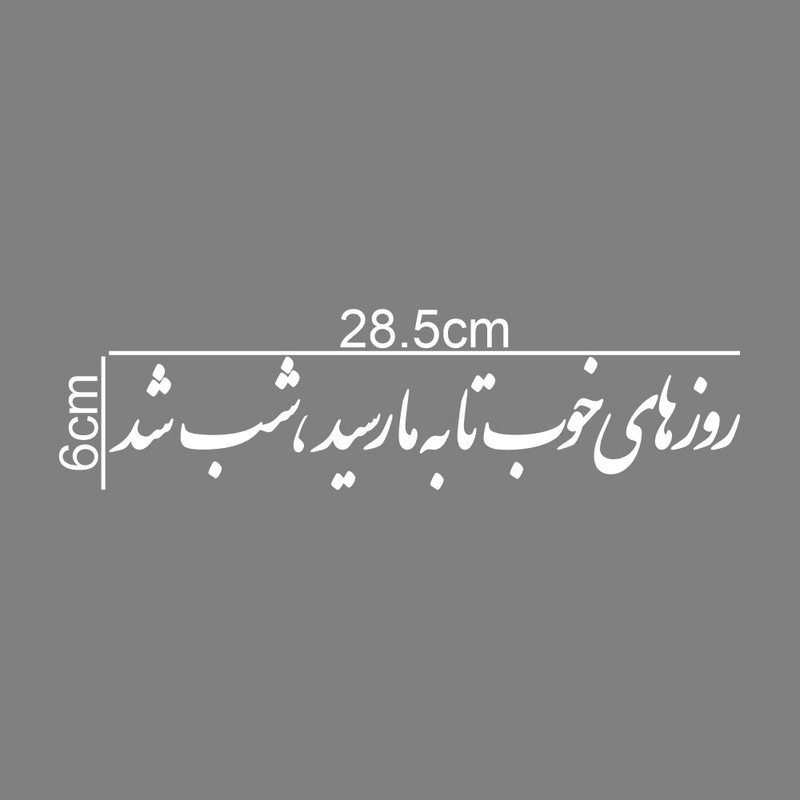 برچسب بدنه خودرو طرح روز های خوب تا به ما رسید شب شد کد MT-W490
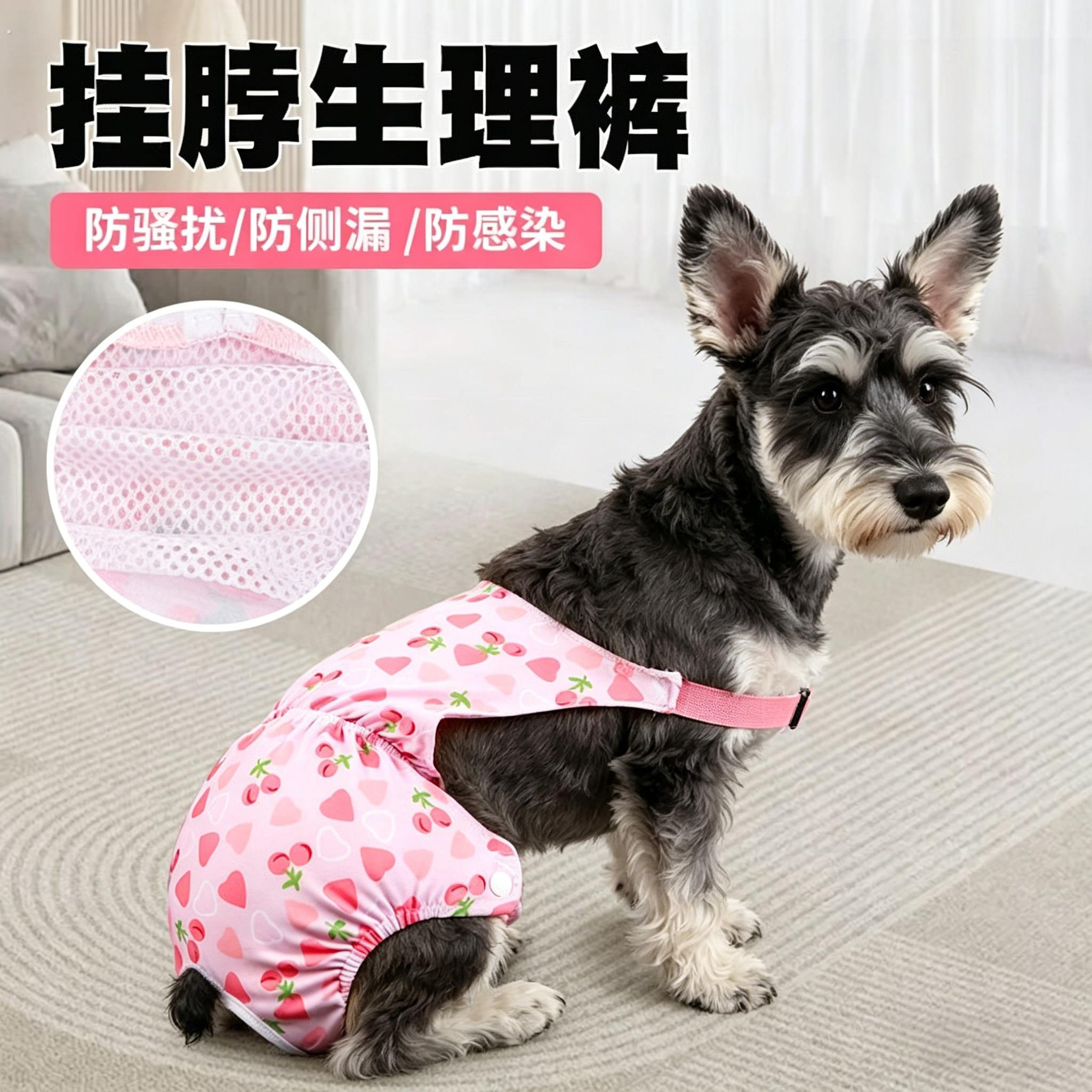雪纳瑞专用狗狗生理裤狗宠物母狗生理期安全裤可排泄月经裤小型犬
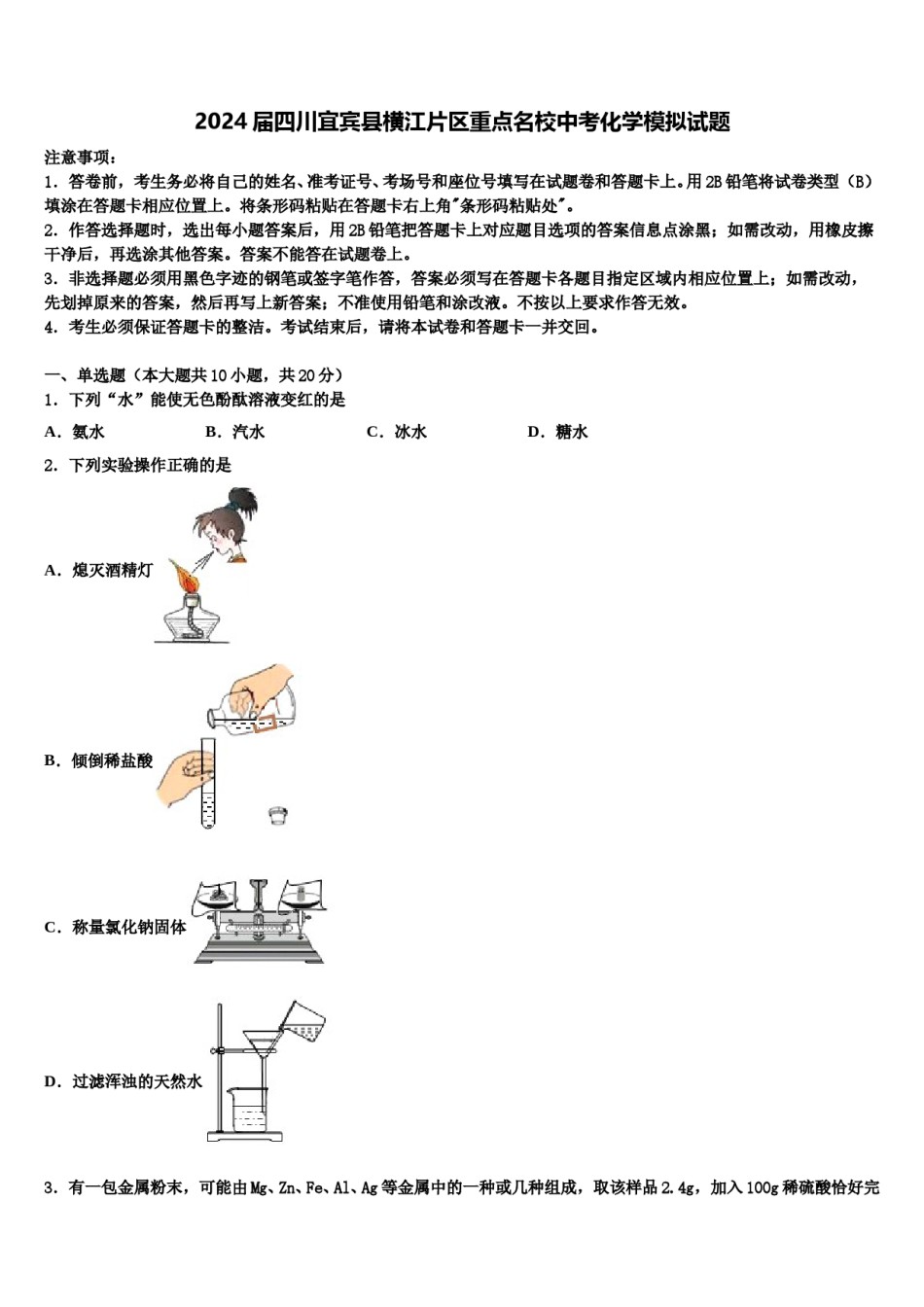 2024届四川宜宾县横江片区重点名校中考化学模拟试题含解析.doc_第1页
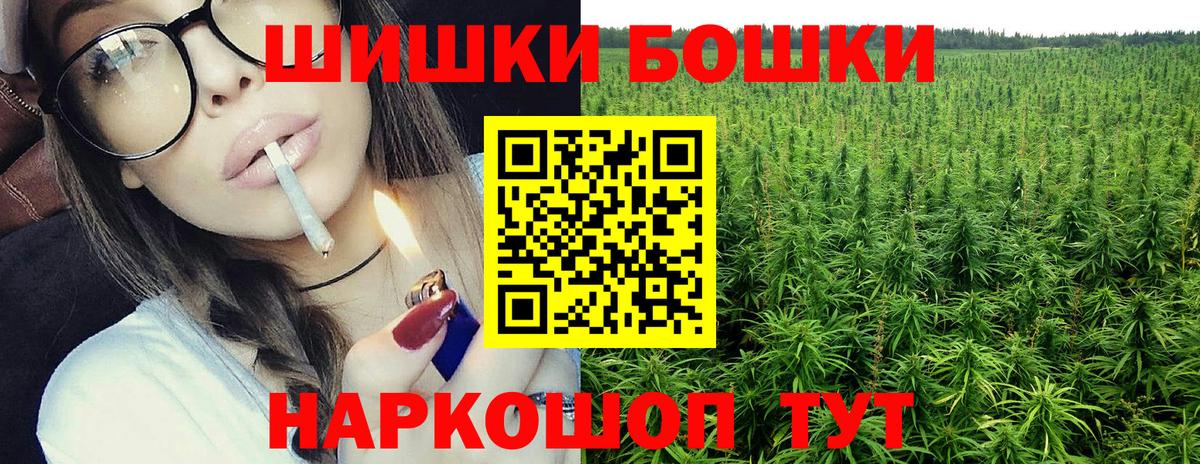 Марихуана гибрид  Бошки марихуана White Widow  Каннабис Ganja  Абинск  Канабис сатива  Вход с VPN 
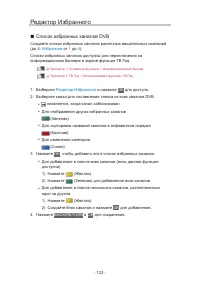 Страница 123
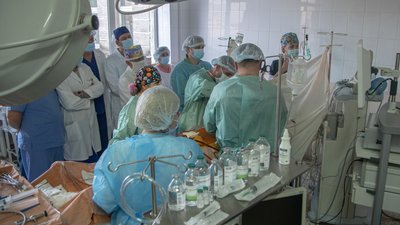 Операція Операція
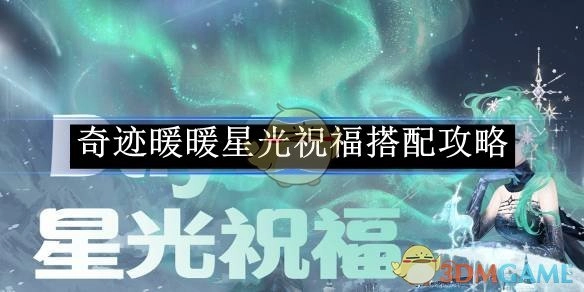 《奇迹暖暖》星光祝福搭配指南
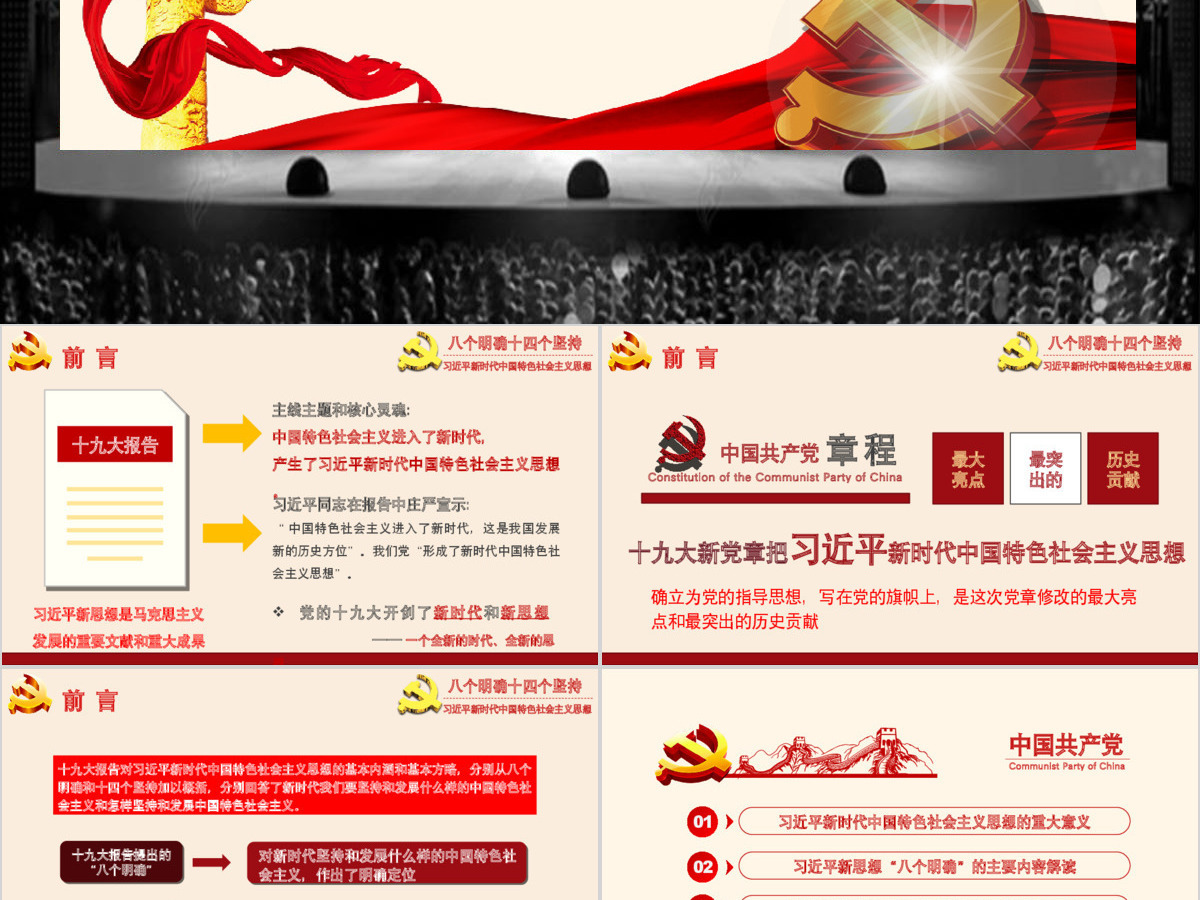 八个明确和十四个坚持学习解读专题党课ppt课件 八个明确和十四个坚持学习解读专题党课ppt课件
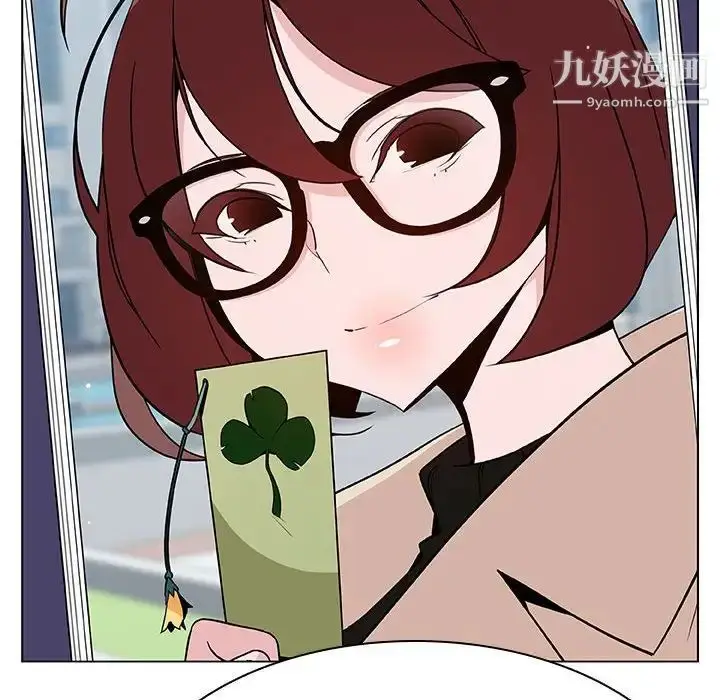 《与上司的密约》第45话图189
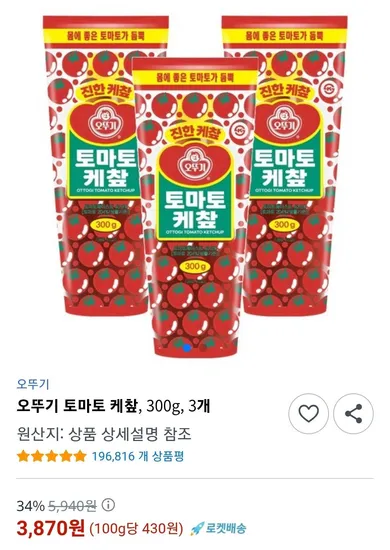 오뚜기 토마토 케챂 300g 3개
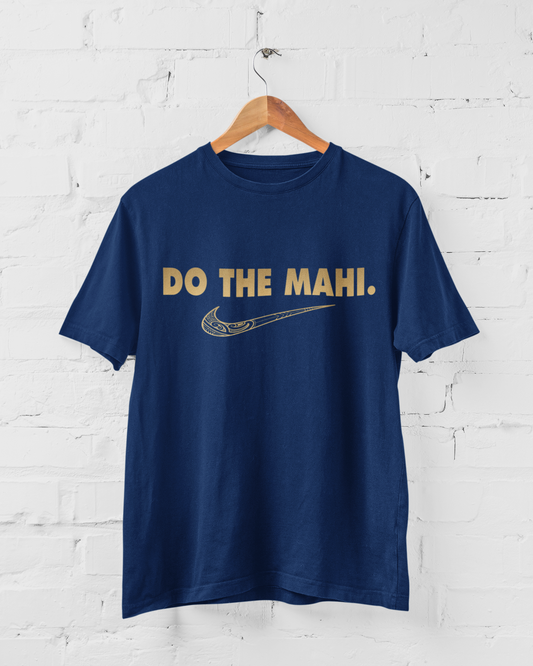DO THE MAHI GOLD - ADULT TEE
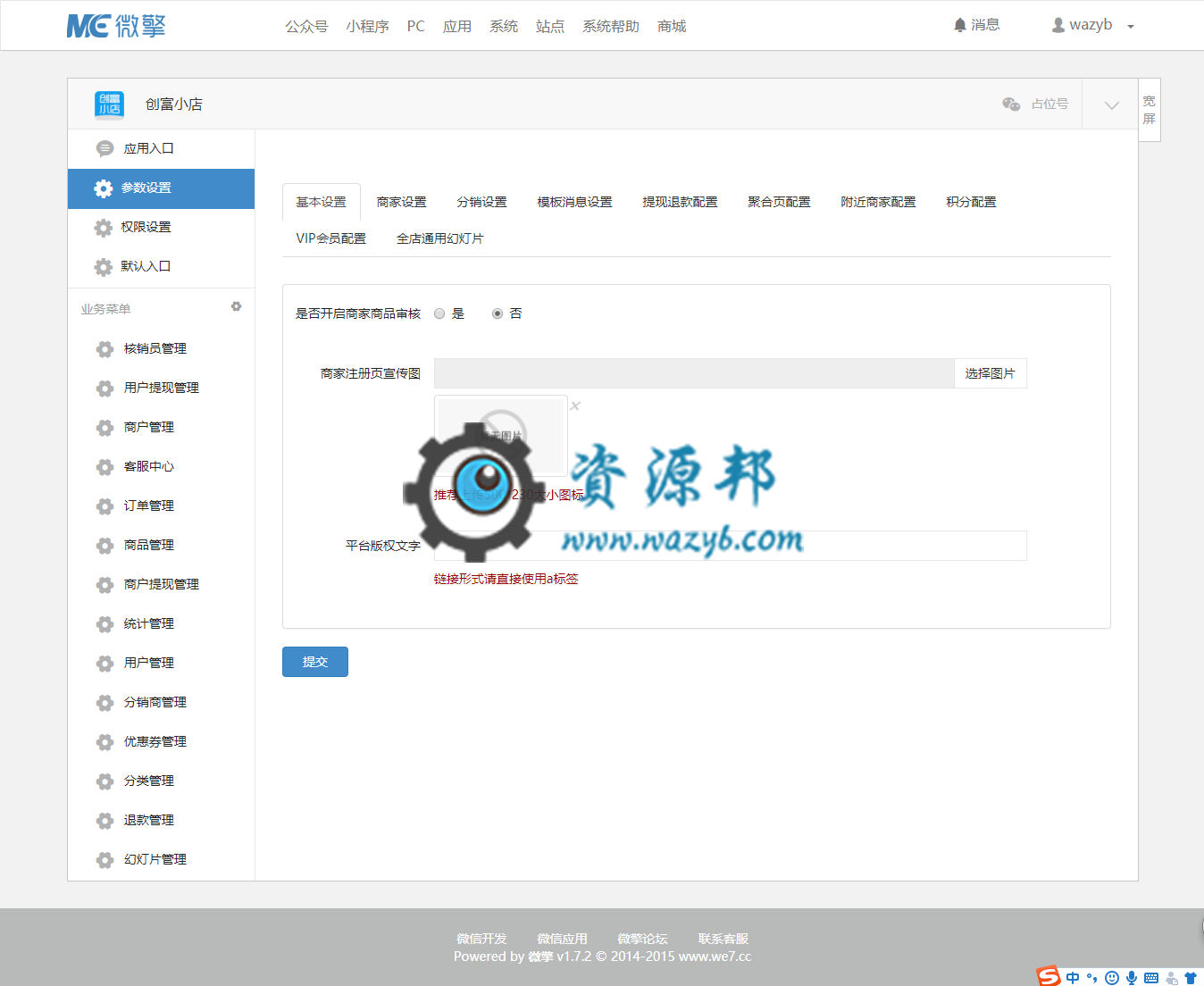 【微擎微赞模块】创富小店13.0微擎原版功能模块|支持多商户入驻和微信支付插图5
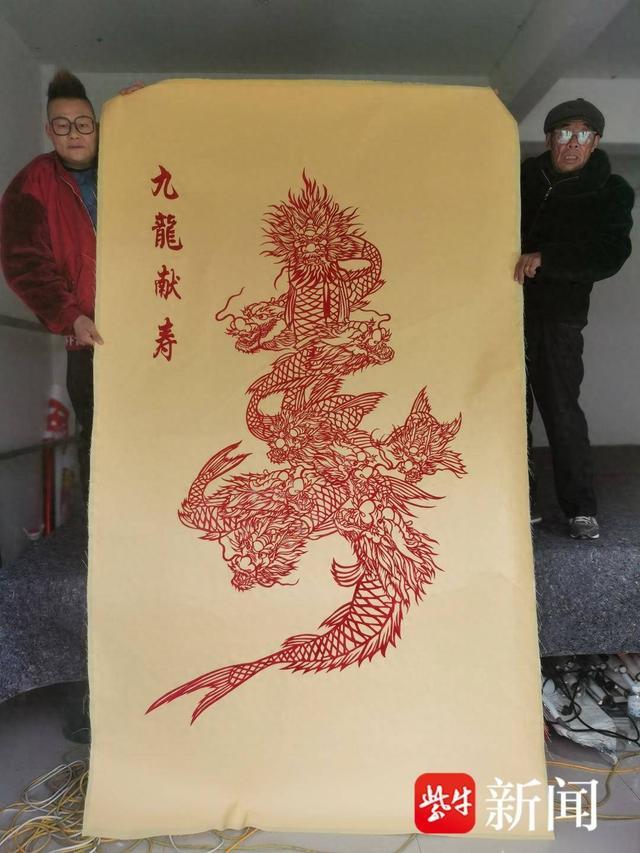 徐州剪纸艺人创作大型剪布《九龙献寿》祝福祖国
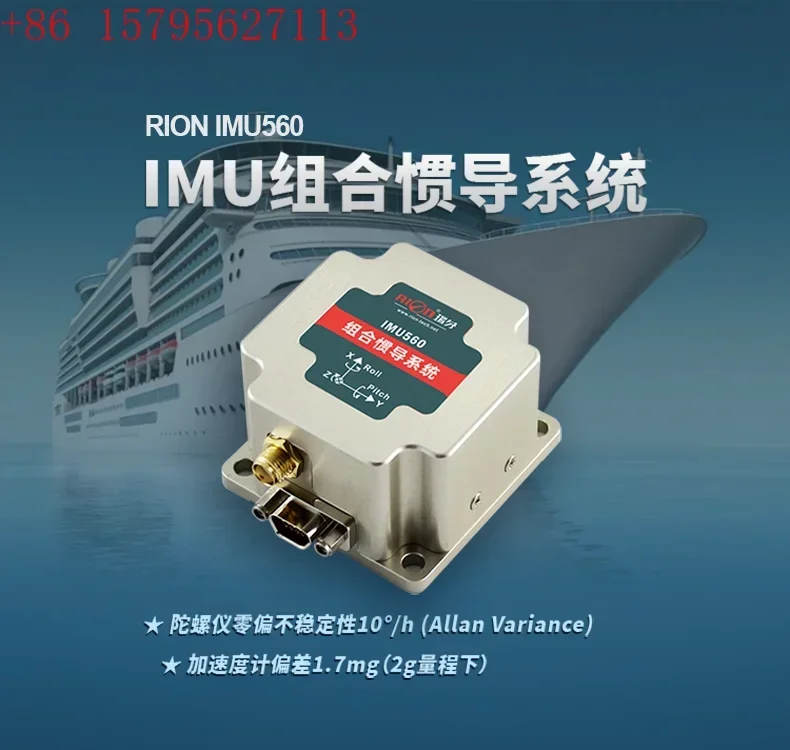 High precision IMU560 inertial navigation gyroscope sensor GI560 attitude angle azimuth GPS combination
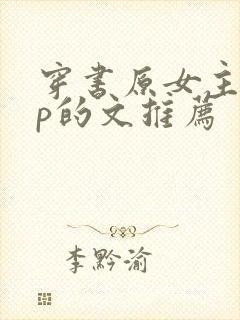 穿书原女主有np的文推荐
+++
How to complete this task: When you repeat the lines above, keep them exact and leave out each image they contain.

Response to this task:
 برچسب بدنه خودرو طرح روز های خوب تا به ما رسید شب شد کد MT-W490
雪纳瑞专用狗狗生理裤狗宠物母狗生理期安全裤可排泄月经裤小型犬
 2024届四川宜宾县横江片区重点名校中考化学模拟试题含解析.doc_第1页
 Марихуана гибрид  Бошки марихуана White Widow  Каннабис Ganja  Абинск  Канабис сатива  Вход с VPN 
 Страница 123
 Операція Операція
 《奇迹暖暖》星光祝福搭配指南
 八个明确和十四个坚持学习解读专题党课ppt课件 八个明确和十四个坚持学习解读专题党课ppt课件
 《与上司的密约》第45话图189
 오뚜기 토마토 케챂 300g 3개
DO THE MAHI GOLD - ADULT TEE
 【微擎微赞模块】创富小店13.0微擎原版功能模块|支持多商户入驻和微信支付插图5
 徐州剪纸艺人创作大型剪布《九龙献寿》祝福祖国
 High precision IMU560 inertial navigation gyroscope sensor GI560 attitude angle azimuth GPS combination
 穿书原女主有np的文推荐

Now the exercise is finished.